Que la fuerza te acompañe

Así es viajar con niños, en coche, cuando eres una madre desastre

Puede que sea para un fin de semana. O para un puente. O para las próximas vacaciones de Semana Santa. Da igual, la madre desastre viaja siempre de la misma forma.

Madre sentando a niño en el coche
Madre sentando a niño en el coche | iStock

Lucía Martín (@Luciamartin) | Madrid | 28/03/2019

Podríamos resumir este titular en una sencilla frase “la madre desastre viaja como puede”. Porque es así, amigas, la madre desastre va por la vida como puede, y agradecidos debemos estar que le da tiempo a ducharse cada día (bueno vale, algunos le da mucha pereza), porque su vida es una hecatombe. Con un niño o con siete. Lo mismo da.

Así que, ¿cómo va a ser un viaje en coche con los churumbeles detrás? Pues es una aventura porque además no dejas de repetirte, con escaso convencimiento, que la emoción comienza nada más arrancar el coche y no solo en destino.

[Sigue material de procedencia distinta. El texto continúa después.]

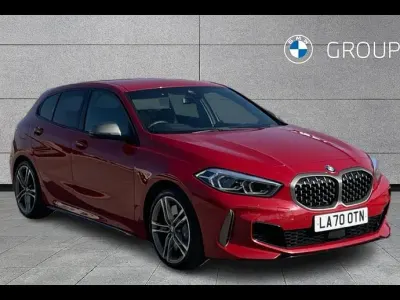 Used BMW M135 Comfort Edition 302 HP (222 kW) 2021 Red Hatchback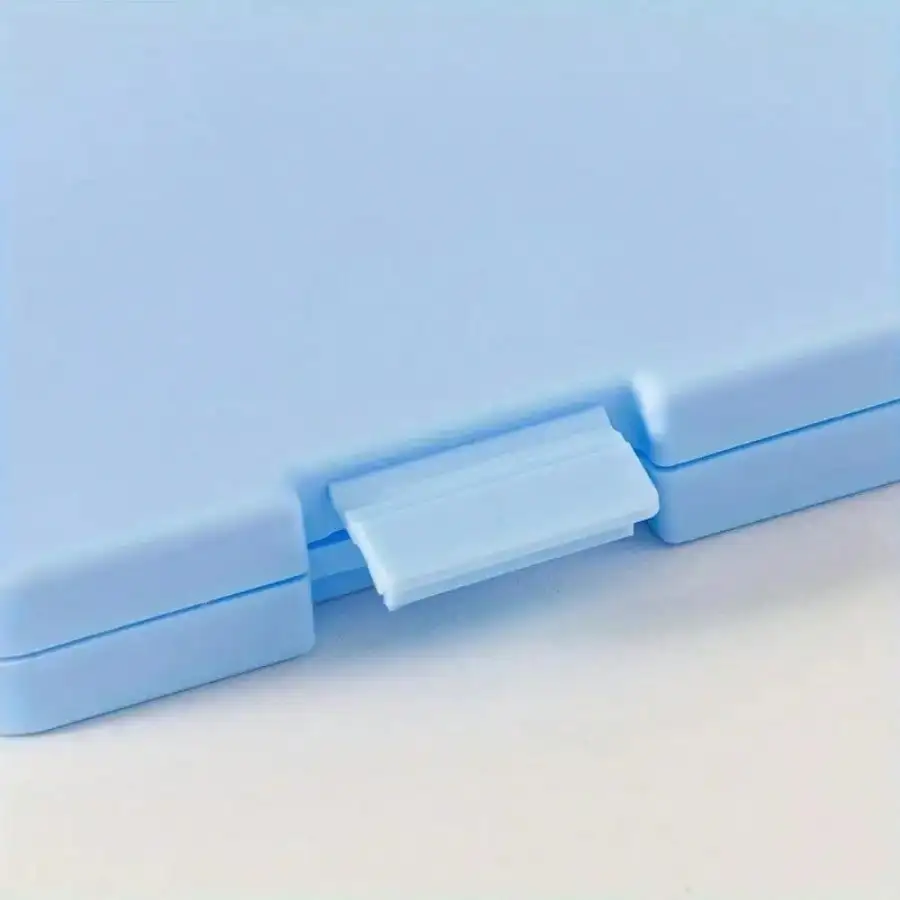 Scatola portaoggetti per cartelle colorate da 2 pezzi, scatola portaoggetti per carta di prova con apertura laterale, adatta per riporre e organizzare specifiche ai studenti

Y sí, tienes razón.

Muy importante: si alguien te dijo que las pantallas son malas y que lo idóneo es que en el coche vayas escuchando la banda sonora de Patrulla Canina o de Bob Esponja, o jugando al veo veo, que sepas que esa persona no tiene pajotera idea. Y además, es un cretino/a.

Tú en el coche tienes que ponerte la música que te gusta, como si es ACDC a todo trapo (esto es muy recomendable si los niños van berreando, que pasará, porque la guitarra acabará tapando los lloros). Y a ellos, si tienes más de un hijo, les tienes que enchufar pantallas detrás. A tope. A TOPE. Y sin remordimientos.

Porque eres una madre desastre pero hay unos básicos que has tenido en cuenta, como el lector dvd o la tablet. Pero justo cuando ya llevas unos cuantos kilómetros te percatas de que no llevas kleenex. O toallitas. Y el niño detrás va con unos mocos como velas, y tú lo estás viendo. ¿Solución? La socorrida manga: “cariño, ¿a que eres grande ya? Pues límpiate esos mocos en la manga de la camiseta”. Y ya está. Porque lo que no puede es estar parando cada dos por tres, que si no, no llegas nunca a destino.

Niño llorando en el coche | iStock

Una madre desastre es posible que también se olvide de una bolsa de plástico, que viene muy bien si uno de los nenes quiere vomitar (considerando que el hermano/a se la quiera poner para evitar el desastre mayor). Llegado el caso del vómito, respira, si vas sola, para en un sitio seguro. Haz lo que puedas en cuanto a limpieza, y a correr.

Es probable que como desastre que eres (simplemente estamos diciendo que no llegas a todo), también te habrás olvidado de su peluche favorito, del chupete, si aún lleva, o de juegos didácticos que pueden usar en el vehículo. Nada es grave: ¿tienes gusanitos a mano? ¿algún dulce que les guste y que no genere problemas de atragantamientos? Pues esto como las pantallas, a tope: quizás, con algo de suerte, entre el estómago lleno (tras el vómito), el sol que entra por las ventanillas y el movimiento del coche, se acaben quedando sopa y tú puedas conducir en paz. Ánimo.